Some of the metrics commonly used by investors to compare stocks within the same industry include:
- Price-to-earnings ratio (P/E): Compares a company’s share price to its earnings-per-share (EPS). The price-to-earnings ratio shows what the market is willing to pay today for a stock based on its past (trailing) or future (forward) earnings. Stocks with a lower P/E relative to competitors in the same industry cost less per share for the same level of earnings.
- Price-to-book ratio (P/B): Calculated by dividing the current share price by its book value per share (BVPS). Usually, the share price is higher than the book value. Value investors generally look for a P/B of under 1, meaning that the share price is lower than the book value.
P/E and P/B are very commonly used ratios to screen for potentially undervalued companies. However, finding stocks with low ratios for both isn’t sufficient. Sometimes, a company may have a low P/E and P/B not because it is undervalued, but because it is actually unprofitable or does not have good growth potential. These stocks are called value traps.
How to avoid value traps
To avoid value traps, value investors should screen for these metrics:
- Current ratio: This ratio measures a company’s ability to meet short-term debts due within a year. A company with a current ratio of 2 is well-capitalized, meaning that it has $2.00 of assets on its balance sheet for every $1.00 of liabilities. Value investors typically look for a current ratio of 1.5 or more.
- Debt-to-equity ratio: This is calculated by dividing a company’s total liabilities by shareholder equity. It measures how well a company grows earnings and finances its assets using shareholder equity versus borrowing money. Value investors generally avoid higher ratios as this can be an indicator of large expenses and volatility.
- Positive EPS growth: A company’s history of earnings is very important to value investors. Often, value investors will only buy stocks that have grown earnings consistently over the last five years with no deficits. A streak of earnings losses can be a sign of a potentially unstable or unprofitable company.
- Return on Equity (ROE): ROE is calculated by net income divided by shareholder equity. It acts as a gauge for how well shareholders earn income on their shares. Value investors prefer companies with a history of a good ROE.
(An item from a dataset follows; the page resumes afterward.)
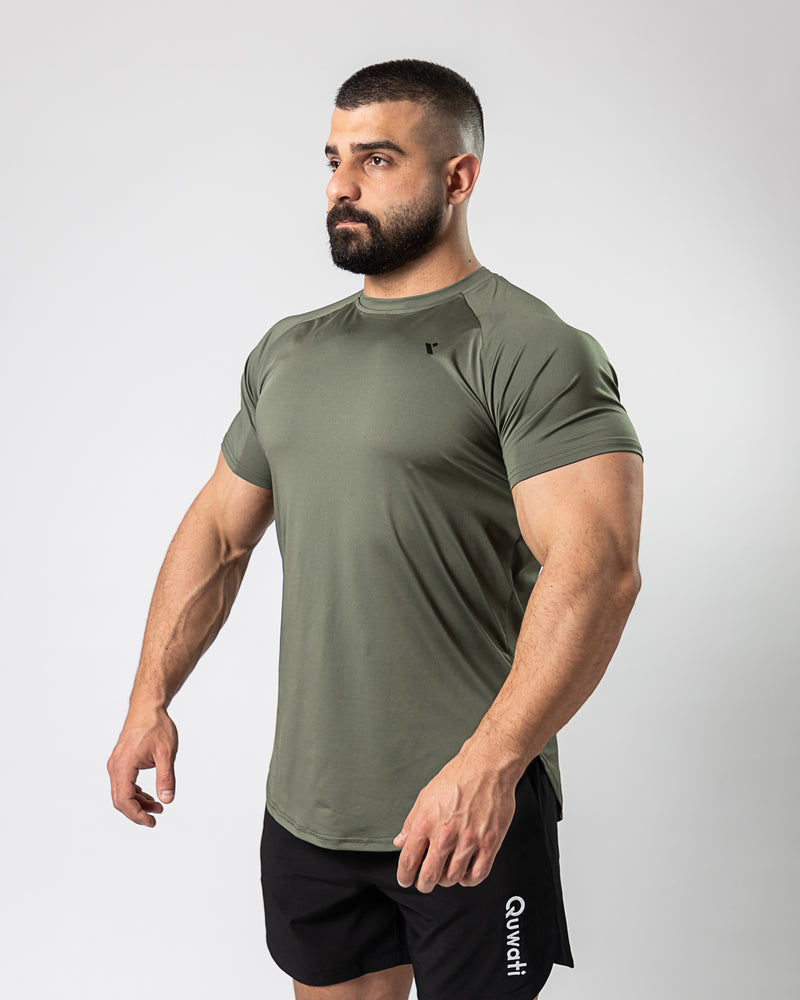 Icon Muscle Tee-Army Green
For each of these performance metrics, what constitutes a good ratio as value screening criteria will differ based on the industry in question and an investor’s risk profile. Investors can use a variety of free online screeners to choose the screens they want and set their desirable parameters for each.
Should you invest in Canadian value stocks?
The answer to this question depends on what your investment objectives are, what your risk tolerance is, and how much time you’re willing to spend researching potential value stock picks. Investors who want to stay hands-off and match the market’s return over the long run might opt for a low-cost index fund as their portfolio’s main investment.
If you want to be a Canadian value investor, you must be able to accept short-term unrealized losses. Value stocks have underperformed growth stocks and the market for prolonged periods on occasion.
In order to succeed, value investors must learn to “stay the course” through volatility after making their picks. Sometimes, the market can take a while to realize how undervalued a stock is, but once it does, that stock can quickly soar to its true price.